CAPÍTULO ATUAL – Na política tropicalista, o suspense da votação na Câmara, com ou sem quorum, é o capítulo atual da série da vida real, enquanto House of Cards fica naquelas intrigas de bastidores sem maiores emoções.
O mais interessante, instigante e inquietante é que a crise política brasileira, que tem caráter permanente, já deixou de fazer estragos na economia. Embora o governo não tenha tomado nenhuma medida intervencionista capaz de motivar a retomada do crescimento, a situação vem se normalizando por osmose. Parece que a recessão bateu no fundo do poço e a economia enfim começou a emergir, apesar de os números apresentados pelo governo serem altamente suspeitos, como convém a esse tipo de trama política.
De toda forma, o fato concreto é que a economia se deslocou da política, como se estivessem em compartimentos estanques.

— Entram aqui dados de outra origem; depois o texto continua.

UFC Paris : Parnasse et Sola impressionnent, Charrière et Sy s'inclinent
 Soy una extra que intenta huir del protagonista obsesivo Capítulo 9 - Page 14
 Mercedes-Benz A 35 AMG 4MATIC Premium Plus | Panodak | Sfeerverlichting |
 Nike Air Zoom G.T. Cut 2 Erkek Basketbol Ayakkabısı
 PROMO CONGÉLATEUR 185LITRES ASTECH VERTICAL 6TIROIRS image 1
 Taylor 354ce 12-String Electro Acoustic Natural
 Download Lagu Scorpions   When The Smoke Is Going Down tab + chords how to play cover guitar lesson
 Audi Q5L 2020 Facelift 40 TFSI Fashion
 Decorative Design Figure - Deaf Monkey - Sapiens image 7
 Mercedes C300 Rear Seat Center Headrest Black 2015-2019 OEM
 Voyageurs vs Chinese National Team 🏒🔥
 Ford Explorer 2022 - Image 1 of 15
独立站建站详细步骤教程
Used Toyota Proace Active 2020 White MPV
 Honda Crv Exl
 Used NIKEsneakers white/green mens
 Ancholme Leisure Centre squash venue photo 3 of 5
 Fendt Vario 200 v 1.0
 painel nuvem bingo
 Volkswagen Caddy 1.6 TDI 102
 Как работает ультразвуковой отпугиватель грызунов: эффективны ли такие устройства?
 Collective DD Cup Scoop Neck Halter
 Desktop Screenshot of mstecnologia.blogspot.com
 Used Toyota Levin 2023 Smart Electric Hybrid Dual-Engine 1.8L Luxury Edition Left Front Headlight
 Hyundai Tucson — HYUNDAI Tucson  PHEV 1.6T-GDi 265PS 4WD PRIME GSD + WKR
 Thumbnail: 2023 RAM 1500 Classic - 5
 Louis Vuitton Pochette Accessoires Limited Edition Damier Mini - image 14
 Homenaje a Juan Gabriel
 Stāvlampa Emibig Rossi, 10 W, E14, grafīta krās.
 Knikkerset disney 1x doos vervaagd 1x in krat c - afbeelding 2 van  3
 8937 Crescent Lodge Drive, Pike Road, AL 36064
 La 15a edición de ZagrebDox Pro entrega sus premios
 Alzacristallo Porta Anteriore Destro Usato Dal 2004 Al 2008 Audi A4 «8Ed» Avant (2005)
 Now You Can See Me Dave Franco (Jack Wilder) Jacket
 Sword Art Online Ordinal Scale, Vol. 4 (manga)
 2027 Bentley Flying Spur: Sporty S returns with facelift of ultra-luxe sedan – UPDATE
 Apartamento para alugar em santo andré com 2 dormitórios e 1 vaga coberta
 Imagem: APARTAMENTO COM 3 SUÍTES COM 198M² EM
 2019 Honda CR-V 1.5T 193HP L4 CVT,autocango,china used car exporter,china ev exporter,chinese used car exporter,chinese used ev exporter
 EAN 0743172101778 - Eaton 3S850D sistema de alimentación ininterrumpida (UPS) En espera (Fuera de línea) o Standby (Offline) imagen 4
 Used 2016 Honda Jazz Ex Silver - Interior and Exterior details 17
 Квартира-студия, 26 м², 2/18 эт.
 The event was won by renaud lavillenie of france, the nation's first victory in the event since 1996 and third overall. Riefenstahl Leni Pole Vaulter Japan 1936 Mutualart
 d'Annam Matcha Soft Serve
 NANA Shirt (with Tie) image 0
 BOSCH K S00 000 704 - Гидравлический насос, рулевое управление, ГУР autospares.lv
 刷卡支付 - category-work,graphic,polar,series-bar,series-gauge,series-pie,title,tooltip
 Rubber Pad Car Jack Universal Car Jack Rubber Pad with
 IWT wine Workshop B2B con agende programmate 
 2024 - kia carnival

E A BOLSA SOBE… – Quando o jornalista Lauro Jardim divulgou em O Globo que a o empresário Joesley Batista gravara o presidente Temer em conversas nada republicanas, parecia que o Brasil vinha abaixo. No dia seguinte, 18 de maio, a Bolsa de Valores caiu tanto que o pregão teve de ser suspenso. Quando o índice desabou 10,47%, para 60.047 pontos, foi acionando o “circuit breaker”, em pânico geral, como convém a essas minisséries de impacto.
Mas era só brincadeirinha. O mercado foi se acostumando. A derrocada política não arrefeceu, mas a economia se descolou da crise. Nesta segunda-feira, 31 de julho, às vésperas de uma votação que pode afastar o presidente da República, a Bolsa subiu 0,64%, chegando aos 65,920 pontos, é como se estivéssemos no melhor dos mundos. Diante disso, como imaginar que os roteiristas de “House of Cards” tivessem tamanha audácia?
BRECHAS NAS LEIS – Ao contrário da realidade norte-americana, onde os votos são impressos e conferidos, é mais difícil encontrar brechas nas leis, no Brasil a legislação é muito mais complacente, pode ser violentada e estuprada sem maiores traumas. A famosa maioria absoluta aqui pouco significa, o presidente corrupto pode ser “inocentado” por apenas um terço dos votos e seguir em frente, como se não tivesse acontecido nada.
O mais incrível é que no Brasil ninguém sabe o que poderá acontecer, o roteiro é apresentado em tempo real, como um “reality show”. E o suspense do próximo capítulo é saber se haverá quorum ou não nesta quarta-feira. Se houver, o presidente será inocentado pela base aliada e a Justiça terá de se recolher à sua insignificância. Se não houver quorum, o suspense irá aumentando progressivamente, porque ninguém pode prever quando acontecerá a votação.
NOVELA SEM FIM? – O Planalto proibiu que os ministros deixem Brasília nos próximos dez dias, até que surja uma definição da Câmara, se é que isso vai acontecer, porque nada impede que o plenário continue sem quorum até o final da novela, que só acaba dia 31 de dezembro de 2018.
O presidente da República mandou também que os 12 deputados que estão hoje no Ministério deixem os cargos e reassumam os mandatos para votar contra a abertura do processo.
Diante desta realidade ficcional, como os roteiristas de “House of Cards” poderiam competir conosco? Eles tem bons motivos para estar decepcionados. E la nave va, cada vez mais fellinianamente.